Immer wieder gibt es Meldungen über Ereignisse, die dramatisch sind und uns stark berühren, zum Beispiel bei Gewalttaten von Jugendlichen gegen andere, zum Teil wehrlose Menschen und bei Amokläufen von jungen Menschen in Schulen. Aktuell ist die Erinnerung an den letzten Fall in Großbritannien.
Oft hört man dann: Die Jugend wird immer krimineller. – Diese Schlussfolgerung ist aber sicher falsch. Die allermeisten Kinder und Jugendlichen in unserem Land gehen durchs Leben, ohne jemals durch delinquentes Verhalten aufgefallen zu sein. Der Kollege Töns hat es eben so beschrieben: Es fiel nicht auf, obwohl es da war, hat aber jedenfalls nicht zu einer kriminellen Karriere geführt.
Sie erreichen Schulabschlüsse mit teils beachtlichen Leistungen, engagieren sich in ihrer Freizeit ehrenamtlich in Vereinen, Verbänden und Parteien, nicht selten auch individuell in ihrem persönlichen Umfeld – und das in einer Zeit, in der Kinder und Jugendliche eine Menge aushalten müssen. Auf Kinder und Jugendliche kommt ja von außen heute viel, viel mehr an Entscheidungen, an Versuchungen, an Herausforderungen zu, als dies vielleicht in früheren Zeiten der Fall war, jedenfalls an anderen Herausforderungen.
Bei den jungen Menschen, die auf einem anderen, dem gefährlichen Weg sind, müssen wir genau hinschauen. Meistens gibt es nicht nur eine einzige Ursache, aus der heraus sie auffällig werden, sondern es gibt ein ganzes Bündel von Gründen.
Das ist in unserer öffentlichen Diskussion natürlich immer ganz anders. Wenn ein Amoklauf stattfindet, bitten 15 Minuten später die ersten Medien um eine Stellungnahme des Ministeriums. Das findet überall statt. Irgendwer wird bestimmt schon 15 Minuten nach dem Amoklauf den Grund dafür wissen. Wenn der Amokläufer zufällig ein Computer
spiel hatte, dann waren es die Computerspiele. Wenn es ein Zuwanderer war, war es eine gescheiterte Integration. Dann war es meistens noch die Religion oder irgendetwas.

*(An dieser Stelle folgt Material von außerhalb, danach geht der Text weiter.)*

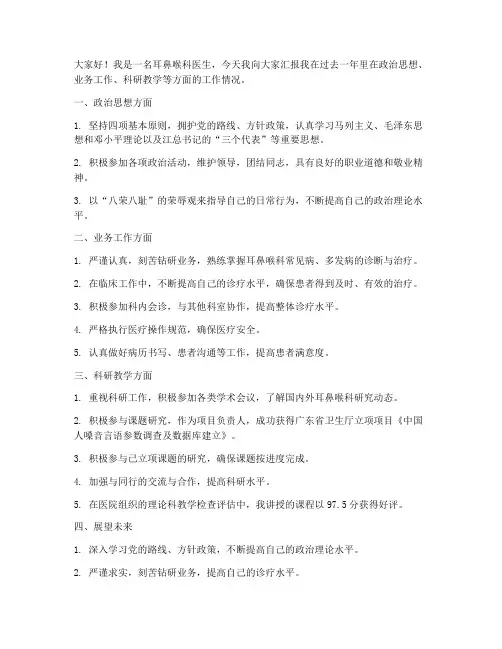 耳鼻咽喉科年终述职报告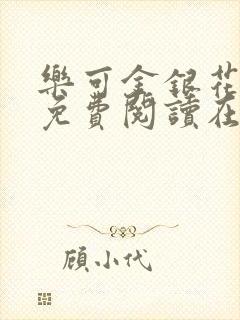 乐可金银花全文免费阅读在线无广告封面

Aber dass es viele Gründe geben kann, ehe ein Jugendlicher kriminell wird, das wird meistens übersehen.
Problematisch wird es erfahrungsgemäß dann, wenn bestimmte Risikofaktoren gehäuft in Familien zusammentreffen, wenn also beispielsweise die Familie durch Arbeitslosigkeit von Armut bedroht ist, die Eltern Suchtprobleme haben und sich dazu noch als gewalttätig erweisen. In diesen Fällen besteht die große Gefahr, dass sich die Kinder und Jugendlichen nicht gesund und altersgemäß entwickeln.
War die Situation in der Familie in der Vergangenheit davon geprägt, dass die Familie den Kindern und Jugendlichen in vieler Hinsicht einen stabilen Rahmen zur Entwicklung ihrer Persönlichkeit geben konnte, ist in vielen Fällen diese Begleitung der Familie nicht mehr selbstverständlich. Bestand der Familienverbund früher aus den leiblichen Eltern und ihren Kindern, so gibt es heute vielfach andere Formen von Familie, Patchworkfamilien, alleinerziehende Familien, wo ein Elternteil die ganze Last alleine trägt.
Wurde das Familieneinkommen früher durch einen Elternteil an einem Wohnort erzielt, so ist es heute häufig nötig, dass Familien umziehen, dass Kinder aus bewährtem Umfeld herausgerissen werden und sich an anderen Orten wieder finden müssen. Auch das ist ein wichtiger Punkt bei der Entwicklung von Kindern.
Daneben ist es für die Eltern, die selbst von Arbeitslosigkeit betroffen sind, ausgesprochen schwierig, den Kindern und Jugendlichen verlässliche schulische und berufliche Perspektiven aufzuzeigen.